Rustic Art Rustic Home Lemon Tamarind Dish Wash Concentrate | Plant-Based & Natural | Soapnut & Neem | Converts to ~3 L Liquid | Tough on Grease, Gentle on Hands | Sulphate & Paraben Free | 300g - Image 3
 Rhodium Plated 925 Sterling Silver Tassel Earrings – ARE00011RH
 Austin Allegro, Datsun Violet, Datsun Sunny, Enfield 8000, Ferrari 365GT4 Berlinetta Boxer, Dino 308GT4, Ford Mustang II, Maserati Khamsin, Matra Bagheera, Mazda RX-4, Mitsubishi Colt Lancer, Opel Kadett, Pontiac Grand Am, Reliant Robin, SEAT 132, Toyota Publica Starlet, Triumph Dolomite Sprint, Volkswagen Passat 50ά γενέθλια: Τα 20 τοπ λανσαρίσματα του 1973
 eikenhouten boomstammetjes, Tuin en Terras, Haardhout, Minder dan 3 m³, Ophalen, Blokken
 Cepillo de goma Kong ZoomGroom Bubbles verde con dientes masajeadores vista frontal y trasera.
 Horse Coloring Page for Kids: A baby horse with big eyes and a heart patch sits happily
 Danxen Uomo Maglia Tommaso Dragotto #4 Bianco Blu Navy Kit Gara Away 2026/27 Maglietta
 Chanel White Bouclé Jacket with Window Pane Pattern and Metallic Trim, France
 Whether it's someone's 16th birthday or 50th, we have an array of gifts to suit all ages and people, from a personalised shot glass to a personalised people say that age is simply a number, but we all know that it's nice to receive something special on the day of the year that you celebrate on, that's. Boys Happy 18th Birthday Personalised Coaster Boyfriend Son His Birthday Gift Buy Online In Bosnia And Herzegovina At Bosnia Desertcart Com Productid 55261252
◇ ◇ ◇
Problem to solve →
Each line of the listing should be printed again, exactly.

Response area →
Rustic Art Rustic Home Lemon Tamarind Dish Wash Concentrate | Plant-Based & Natural | Soapnut & Neem | Converts to ~3 L Liquid | Tough on Grease, Gentle on Hands | Sulphate & Paraben Free | 300g - Image 3
 Rhodium Plated 925 Sterling Silver Tassel Earrings – ARE00011RH
 Austin Allegro, Datsun Violet, Datsun Sunny, Enfield 8000, Ferrari 365GT4 Berlinetta Boxer, Dino 308GT4, Ford Mustang II, Maserati Khamsin, Matra Bagheera, Mazda RX-4, Mitsubishi Colt Lancer, Opel Kadett, Pontiac Grand Am, Reliant Robin, SEAT 132, Toyota Publica Starlet, Triumph Dolomite Sprint, Volkswagen Passat 50ά γενέθλια: Τα 20 τοπ λανσαρίσματα του 1973
 eikenhouten boomstammetjes, Tuin en Terras, Haardhout, Minder dan 3 m³, Ophalen, Blokken
 Cepillo de goma Kong ZoomGroom Bubbles verde con dientes masajeadores vista frontal y trasera.
 Horse Coloring Page for Kids: A baby horse with big eyes and a heart patch sits happily
 Danxen Uomo Maglia Tommaso Dragotto #4 Bianco Blu Navy Kit Gara Away 2026/27 Maglietta
 Chanel White Bouclé Jacket with Window Pane Pattern and Metallic Trim, France
 Whether it's someone's 16th birthday or 50th, we have an array of gifts to suit all ages and people, from a personalised shot glass to a personalised people say that age is simply a number, but we all know that it's nice to receive something special on the day of the year that you celebrate on, that's. Boys Happy 18th Birthday Personalised Coaster Boyfriend Son His Birthday Gift Buy Online In Bosnia And Herzegovina At Bosnia Desertcart Com Productid 55261252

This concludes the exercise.